Humphrey address the issue of language rights in his speech as if students were unaware of the issue as well, but the history of the CUS tells a different story. Humphrey said in his speech, “Only slowly… are we beginning to realize” the importance of protecting “our two linguistic groups”.[9] The wording of “slowly” and “beginning” suggest that Humphrey believes his audience isn’t versed in the issue of language rights. However, the CUS was already addressing the issue in the student movement. One of the most notable changes in the constitution of NFCUS to its successor the CUS in 1963 was the recognition of the “fundamental bi-nationalism of the Canadian state.”[10] Although Quebec sovereignty would only grow more pressing, the changing of the constitution of the national student union to include bi-nationalism speaks to the development of the student movement at the time. Students were already aware of the rights struggle and were actively finding solutions to the problem by adapting their constitution to recognize Quebecois nationalism.
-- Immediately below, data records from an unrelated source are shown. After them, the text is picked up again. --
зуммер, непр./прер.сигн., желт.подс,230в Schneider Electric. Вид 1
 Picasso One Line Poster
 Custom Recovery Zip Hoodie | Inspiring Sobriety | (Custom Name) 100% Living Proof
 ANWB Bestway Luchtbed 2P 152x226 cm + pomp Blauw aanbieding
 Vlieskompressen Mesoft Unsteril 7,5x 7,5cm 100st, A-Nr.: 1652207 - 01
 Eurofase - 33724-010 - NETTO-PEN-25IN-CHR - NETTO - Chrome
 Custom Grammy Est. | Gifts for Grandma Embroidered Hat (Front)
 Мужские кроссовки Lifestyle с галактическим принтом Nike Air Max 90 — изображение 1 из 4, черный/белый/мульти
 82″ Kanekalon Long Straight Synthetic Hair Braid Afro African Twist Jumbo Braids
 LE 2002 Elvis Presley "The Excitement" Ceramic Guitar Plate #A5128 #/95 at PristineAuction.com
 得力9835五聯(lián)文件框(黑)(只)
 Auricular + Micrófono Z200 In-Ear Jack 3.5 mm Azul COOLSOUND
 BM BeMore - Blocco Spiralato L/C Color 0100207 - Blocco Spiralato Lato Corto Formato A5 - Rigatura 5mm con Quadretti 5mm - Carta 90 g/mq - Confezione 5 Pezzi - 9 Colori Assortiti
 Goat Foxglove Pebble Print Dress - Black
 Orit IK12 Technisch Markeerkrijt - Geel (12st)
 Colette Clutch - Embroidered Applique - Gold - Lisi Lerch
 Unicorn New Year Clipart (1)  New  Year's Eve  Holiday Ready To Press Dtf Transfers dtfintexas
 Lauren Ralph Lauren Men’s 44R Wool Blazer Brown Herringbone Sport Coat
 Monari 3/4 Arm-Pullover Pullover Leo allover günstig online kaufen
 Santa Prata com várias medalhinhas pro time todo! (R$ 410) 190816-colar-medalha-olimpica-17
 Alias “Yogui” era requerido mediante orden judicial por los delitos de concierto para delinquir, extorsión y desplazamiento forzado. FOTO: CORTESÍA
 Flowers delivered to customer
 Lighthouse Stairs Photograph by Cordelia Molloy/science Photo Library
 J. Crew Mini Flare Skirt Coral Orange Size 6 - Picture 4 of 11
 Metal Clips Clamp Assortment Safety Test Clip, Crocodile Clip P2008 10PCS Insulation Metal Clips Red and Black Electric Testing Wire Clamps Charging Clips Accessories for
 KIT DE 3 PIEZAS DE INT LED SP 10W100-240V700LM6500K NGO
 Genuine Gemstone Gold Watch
Humphrey’s speech appears most ignorant of the political dynamic at the time when he notifies the graduating students they will now be required to become active members of  bringing about societal change – despite their already impressive track-record in doing so. Humphrey prescribes these newly graduated youth with the tasks of improving society, as they “will now have an opportunity to… [build] the new economic, social, and political machinery which the new circumstances will require”. He then proceeds to offer some advice to these students in their new quest, saying “I venture to suggest in all friendliness that you haven’t yet diagnosed the trouble [of society]”. However this is in stark contrast with what the student movements were already doing. They were already well aware of the malaise in society, such as access to higher education and minority rights. Furthermore, they didn’t wait for Humphrey to tell them they now have the “opportunity” to create change for the better. The CUS, the DSU and creation of the CSLP all speak to the ways that these university students had already been creating societal change.

This disconnect highlights that the torch of progressivism had already passed from the hands of the United Nations (and Humphrey) to the new student movements. Responsible for the energy and influence of the New Left, students were already many steps ahead of where Humphrey thought they were. Despite Humphrey’s best attempt to advise and appoint these graduating students to be the new drivers of progressivism, it appears these students were already knee deep in creating on-the-ground change in Canada. By some critics, that’s more than the UDHR has done.

[1] MG 4127 C.18 F.372 – Convocation Address: Carleton University (1968), John Peters Humphrey Fonds, McGill University Archives. P. 1.

[2] Moses, Nigel R. “Student organizations as historical actors: the case of mass student aid.” The Canadian Journal of Higher Education 31, no. 1 (2001): p. 76.

[3] Ibid, p. 99

[4] Ibid, p. 90

[5] Margeson, Wayne. “600 support Painter at Monday meeting.” The Carleton (Ottawa), September 29, 1967. Accessed February 24, 2017. https://archive.org/details/thecarleton23carl.

[6] “Group formed for academic reform.” The Carleton (Ottawa), September 29, 1967. Accessed February 24, 2017. https://archive.org/details/thecarleton23carl.

[7] MG 4127 C.18 F.372 – Convocation Address: Carleton University (1968), John Peters Humphrey Fonds, McGill University Archives. P. 6 – 7.

[8] Ibid, p. 7.

[9] Ibid, p. 6, 7.

[10] Moses, Nigel R. “Student organizations as historical actors…” p. 77.